The development of the ACC during the Paleogene was a key event in the evolution of the Southern Ocean because it permitted interocean transport among ocean basins and made possible a global thermohaline circulation cell. Its development was closely tied to the opening of tectonic gateways south of Australia (Tasmanian Seaway) and South America (Drake Passage). The timing is only loosely constrained because of complex tectonics in both regions and may be easier to determine by studying Southern Ocean sediments. During Leg 177, we cored a 330-m-thick section at Site 1090 that ranges in age from the early Miocene to middle Eocene and possesses an excellent geomagnetic polarity reversal stratigraphy. This unique section represents a new Southern Ocean archive of Cenozoic climate change and has led to several important findings regarding the early history of the Southern Ocean:
The opening of the Drake Passage to at least shallow-water flow is inferred at ~33 Ma from increased supply of detrital matter with affinities to oceanic crust derived from rifting west of Site 1090. This timing is near synchronous with the opening of the Tasmanian Seaway between Australia and Antarctica, suggesting circum-Antarctic flow of surface waters by ~33 Ma in the early Oligocene.

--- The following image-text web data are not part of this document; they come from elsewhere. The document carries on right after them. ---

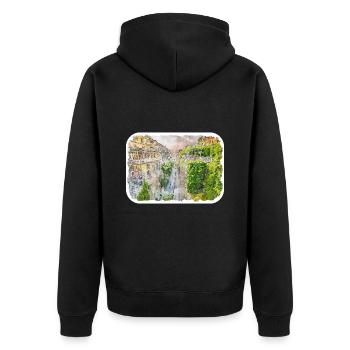 Sorrente Italie Aquarelle Esquisse Dessinée Peinture - Veste à capuche bio Premium Unisexe - noir - Dos - Nico (187cm)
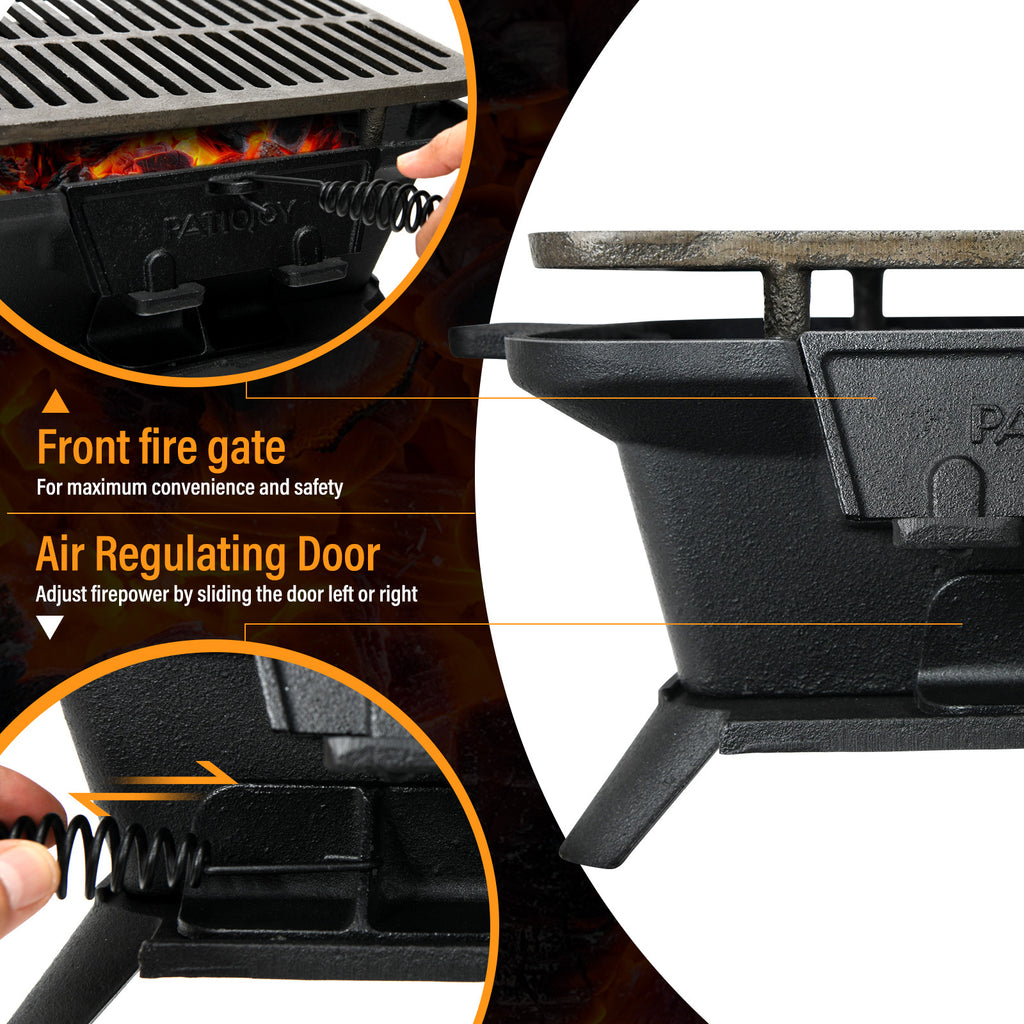 Heavy Duty Cast Iron Charcoal Grill Tabletop BBQ Stove
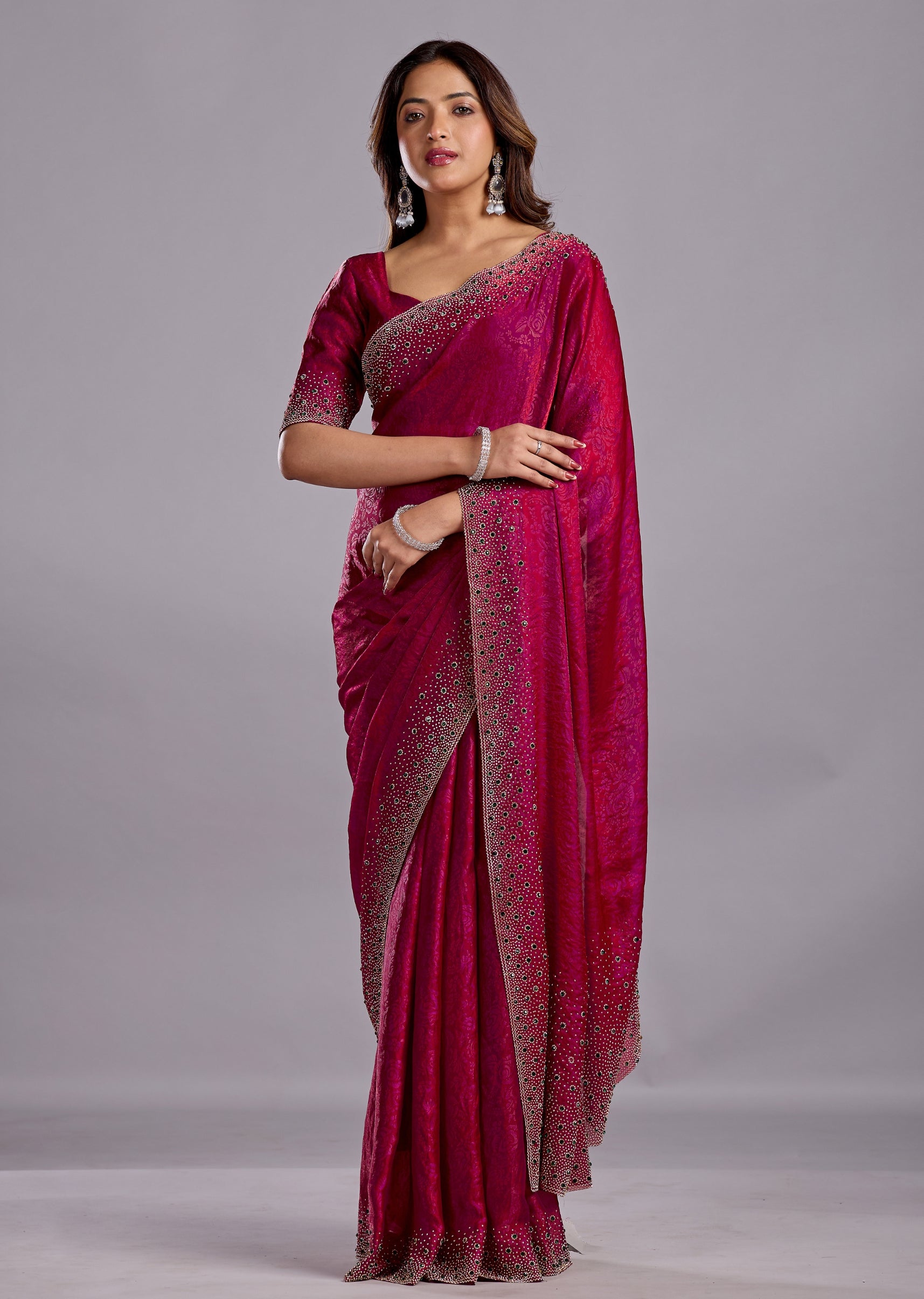 Rani Pink Tissue Silk Saree With Crystal Stone Work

A continuous Paleogene isotope record could not be obtained at Site 1090 because of the low abundance and poor preservation of foraminifers in parts of the section; however, a high-resolution record was produced for the upper Oligocene to lower Miocene section (25-16 Ma) and tied to the geomagnetic polarity timescale. Comparison of carbon isotope gradients between the North Atlantic, Southern Ocean (Site 1090), and Pacific Ocean reveals a general lack of a 
13C gradient among ocean basins during the majority of the latest Oligocene and early Miocene. In contrast, a strong oxygen isotopic gradient existed between the Southern Ocean (Site 1090) and other ocean basins prior to 17 Ma, indicating that the deep Southern Ocean was colder and/or more saline than the deep North Atlantic or the Pacific.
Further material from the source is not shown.